I used Regex101.com to help me craft and test my regular expression extraction. You can view my saved regex and test string with anonymized syslog entries at: https://regex101.com/r/kR0iS8/1. If you visit this link, and are familiar with regular expressions, you will notice that I used multiple positive look-behinds. This is the best solution I could come up with to deal with the variable log formats produced by the SMG. My skill with regular expressions is intermediate at best, so there may very well be better solutions out there. If someone with more knowledge of regular expressions reads this article and cares to correct me, feel free to leave a comment.
Below is the final regular expression that I came up with. This seems to work for the majority of the logs that Splunk processes from Symantec Messaging Gateway, but may need further tweaking.

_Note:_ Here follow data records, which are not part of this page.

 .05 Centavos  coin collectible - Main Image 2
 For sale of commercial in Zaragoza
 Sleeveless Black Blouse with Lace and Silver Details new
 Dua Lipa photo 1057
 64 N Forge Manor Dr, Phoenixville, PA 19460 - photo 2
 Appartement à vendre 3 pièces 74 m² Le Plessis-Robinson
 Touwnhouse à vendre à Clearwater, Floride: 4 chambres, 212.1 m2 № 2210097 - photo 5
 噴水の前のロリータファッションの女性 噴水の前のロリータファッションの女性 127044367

^<142>(?P<date>\w+\s+\d+)\s+(?P<time>[^ ]+)\s+(?P<server>\w+)\s+(?P<process_name>[a-z]+)\[(?P<process_number>\d+)[^ \n]* (?P<process_id>[^\|]+)\|(?P<message_id>[^\|]+)\|(?P<action>IRCPTACTION|VERDICT|UNTESTED|FIRED|SENDER|LOGICAL_IP|EHLO|MSG_SIZE|MSGID|SOURCE|SUBJECT|ORCPTS|TRACKERID|ATTACH|UNSCANNABLE|VIRUS|DELIVER|ACCEPT)(?:(?:(?<=ACCEPT|DELIVER|LOGICAL_IP)\|(?P<src>[^:\s]+)(?::(?P<port>[0-9]+))?(?:\|(?P<to>[^\s]+))?)|(?:(?<=FIRED|IRCPTACTION|ORCPTS|TRACKERID|UNTESTED|VERDICT)\|(?P<recipient>[^\s\|]+)(?:\|)?(?P<result>[a-z][^\|\s]+)?(?:\|(?P<result_2>[a-z][^\|]+))?(?:\|(?P<result_3>.+))?)|(?:(?<=SENDER)\|(?P<from>[^\s]+))|(?:(?<=MSG_SIZE)\|(?P<msg_size>\w+))|(?:(?<=SUBJECT)\|(?P<subject>.*))|(?:(?<=ATTACH)\|(?P<attachment>.+))|(?:(?<=UNSCANNABLE)\|(?P<reason>.+))|(?:(?<=VIRUS)\|(?P<virus_name>.+))|(?:(?<=EHLO)\|(?P<fqdn>.+)))?

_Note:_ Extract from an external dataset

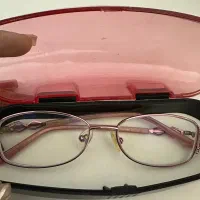سه تا عینک طبی تمیز با جعبه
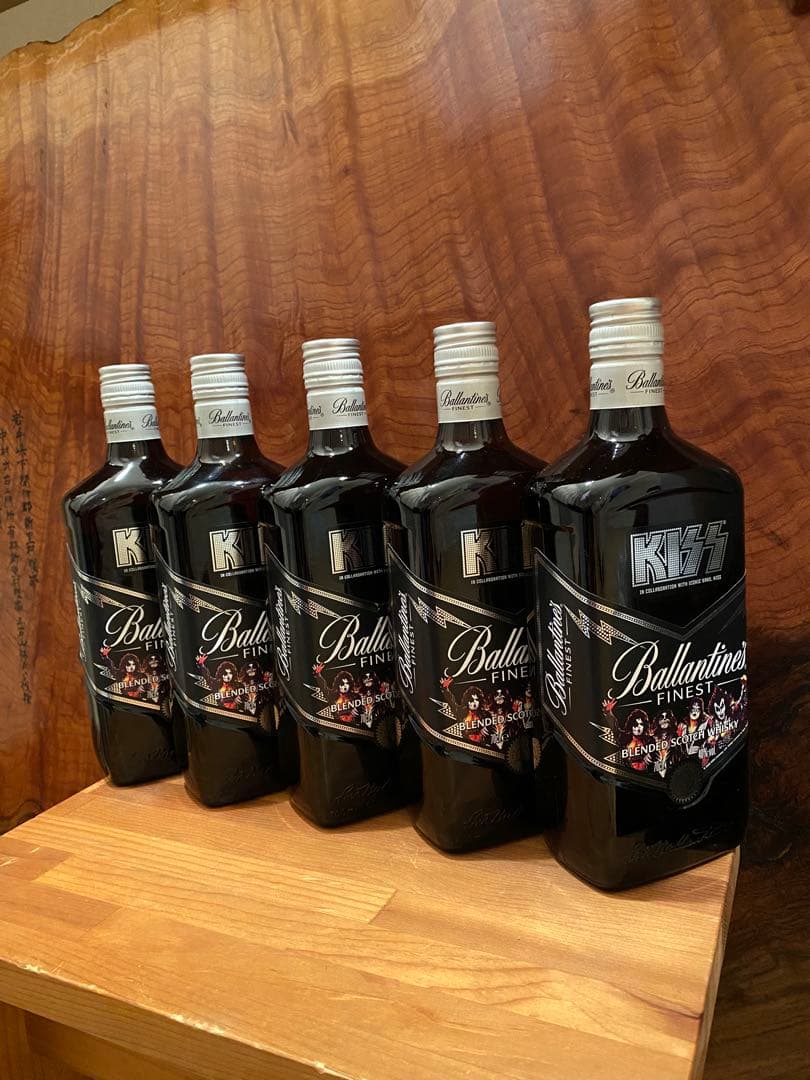 限定！バランタインファイネスト 700ml アーティストボトル KISS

If readers have any questions of comments about this extraction, feel free to leave a comment and I will try to respond in a timely manner.
Hi
This is great!
We have been struggling with this for some time.

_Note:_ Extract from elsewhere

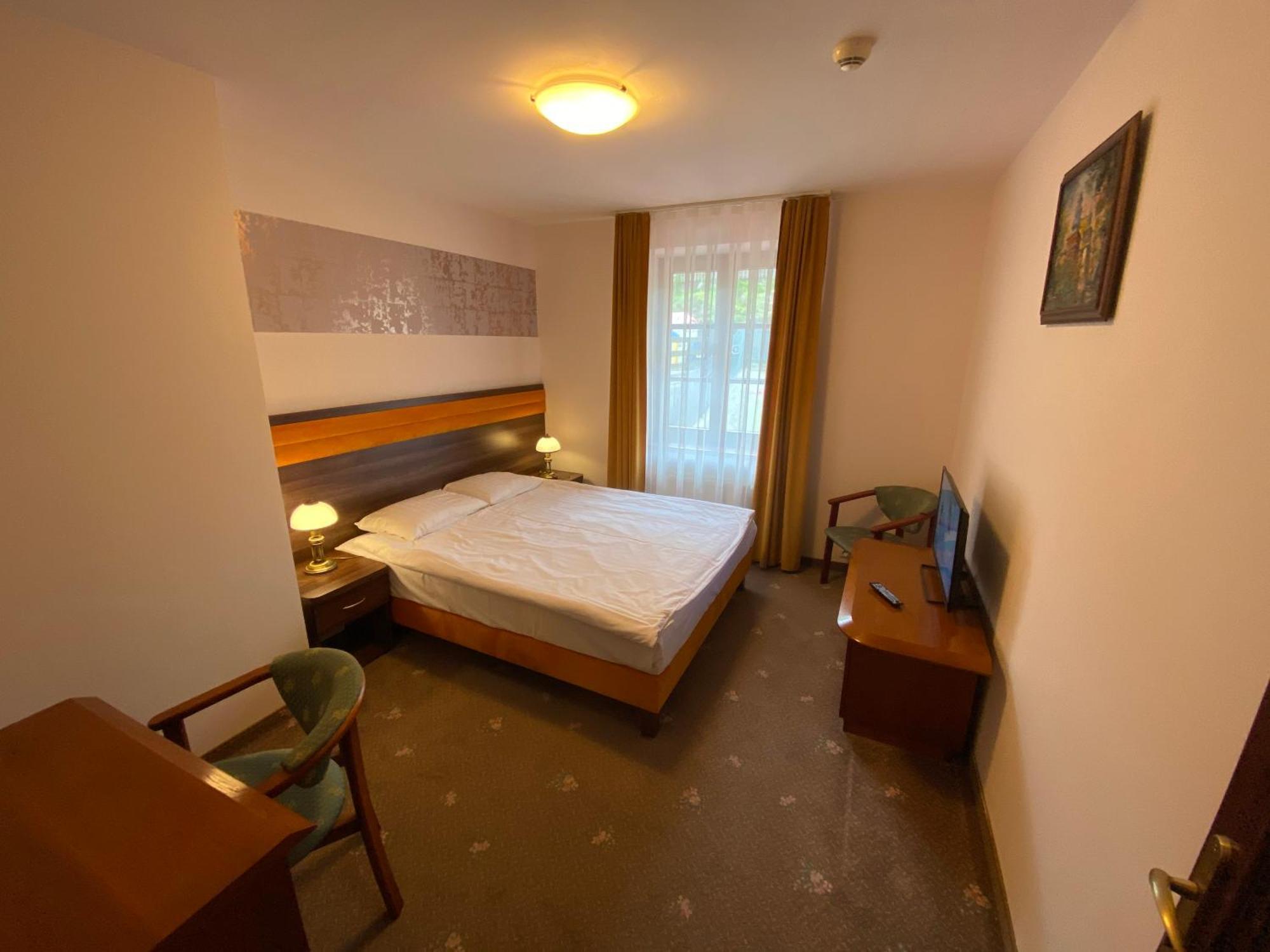 Grant Hotel 3*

How did you set up the initial inputs.conf for getting the data into Splunk?
Which sourcetype do you assign to the application level logs you receive from the SMGs?
Best
Soren
Soren, we are importing logs from the SMG via syslog on a unique port and it was setup via the Splunk GUI. Being configured this way there was no need for us to directly edit the inputs.conf file. The source type chosen was purely arbitrary and it’s the same for all the syslogs from the SMG device. I haven’t found a need to differentiate sourcetypes for the system level and application level logs. I have been writing searched based off of the process field that I extracted.
Here is mine which is based on slightly different looking logs :
source=”local1.log” index=”test” sourcetype=”sbg” | rex “(?P\w+\s+\d+)\s+(?P[^ ]+)\s+(?P\w+)\s+(?P[a-z]+)\[(?P\d+)[^ \n]*\s\[Brightmail\]\s\((?P\w+)\:(?P[^\)]+)\)\:\s+\[(?P
[^\]]+)\]\s+\[\s+\<(?P[^ \>]+)\>\](?P.*)\.$"
log format (masked information) :
Jun 12 15:12:30 bmgp7 bmserver[27775]: [Brightmail] (WARNING:27775.950114048): [2886] [ ] Feature "Symantec DNS URI Server: smg.ultra.brightmail.com" restored.